_Task requirements_. Among the lines below, keep only those from the one containing "Louis Vuitton Black Logo Tote" through the one containing "E-Stim Pro Silicone", and reproduce them exactly.

Source material START

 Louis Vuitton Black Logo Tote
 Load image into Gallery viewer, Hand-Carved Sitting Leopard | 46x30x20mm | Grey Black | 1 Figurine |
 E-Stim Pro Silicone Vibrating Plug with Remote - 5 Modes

Source material END
Source material START

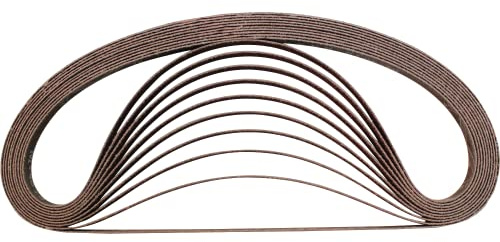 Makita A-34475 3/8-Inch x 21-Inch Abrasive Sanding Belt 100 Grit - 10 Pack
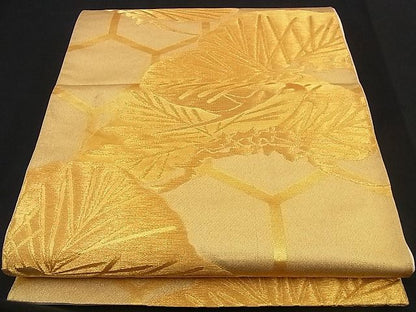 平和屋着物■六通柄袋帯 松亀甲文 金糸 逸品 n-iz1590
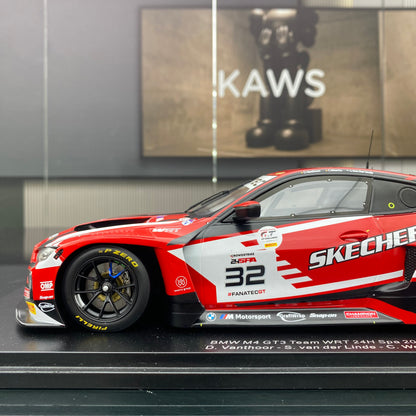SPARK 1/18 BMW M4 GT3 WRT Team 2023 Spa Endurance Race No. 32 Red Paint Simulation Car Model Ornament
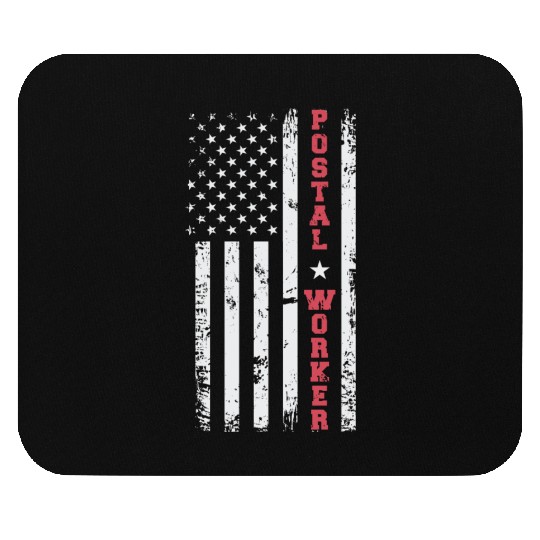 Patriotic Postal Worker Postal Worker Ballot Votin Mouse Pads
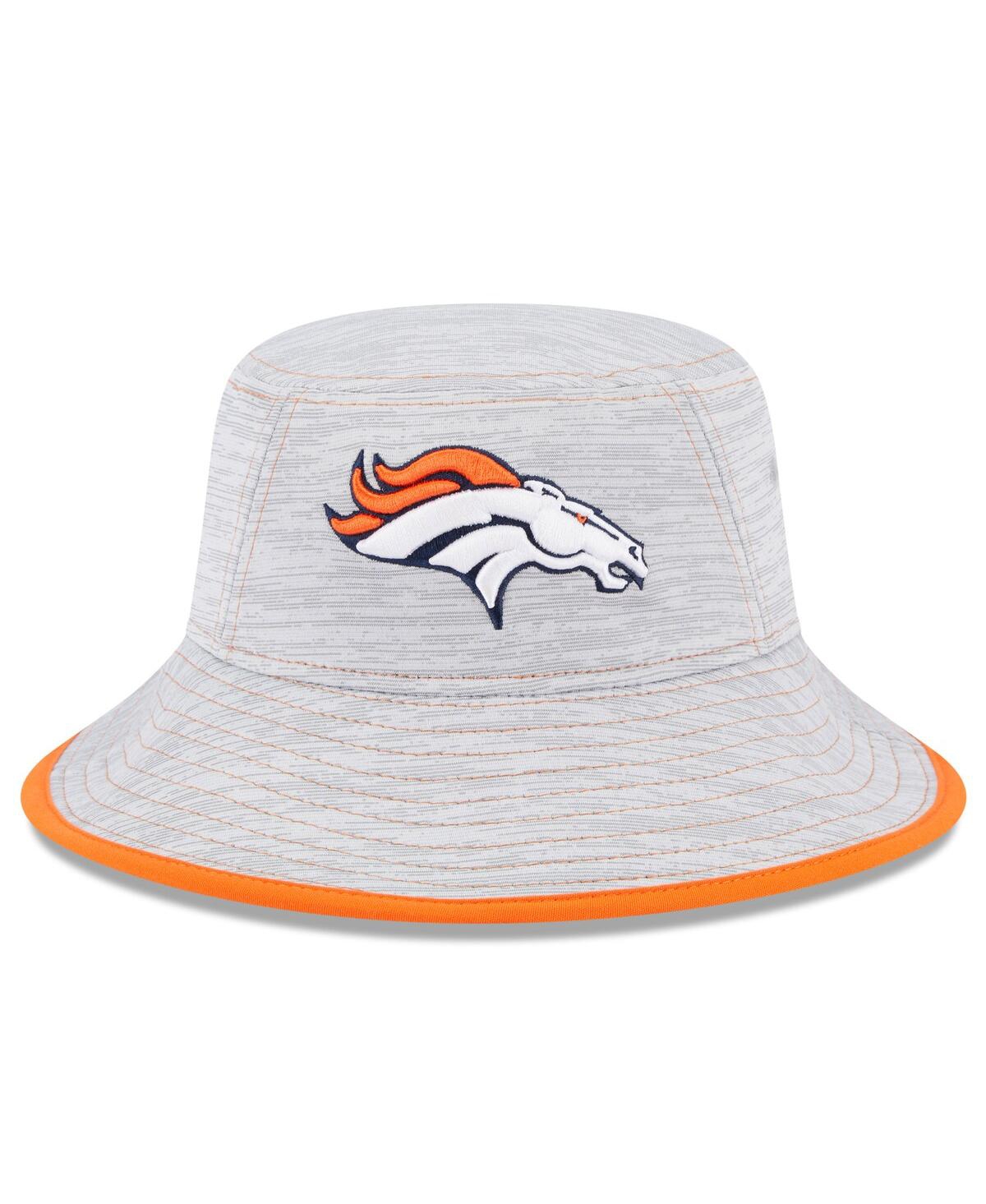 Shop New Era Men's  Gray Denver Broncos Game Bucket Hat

Source material END
Source material START

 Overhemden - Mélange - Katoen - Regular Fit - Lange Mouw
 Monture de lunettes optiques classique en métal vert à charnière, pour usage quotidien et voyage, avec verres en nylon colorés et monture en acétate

Source material END

_Response to the task_.
 Louis Vuitton Black Logo Tote
 Load image into Gallery viewer, Hand-Carved Sitting Leopard | 46x30x20mm | Grey Black | 1 Figurine |
 E-Stim Pro Silicone Vibrating Plug with Remote - 5 Modes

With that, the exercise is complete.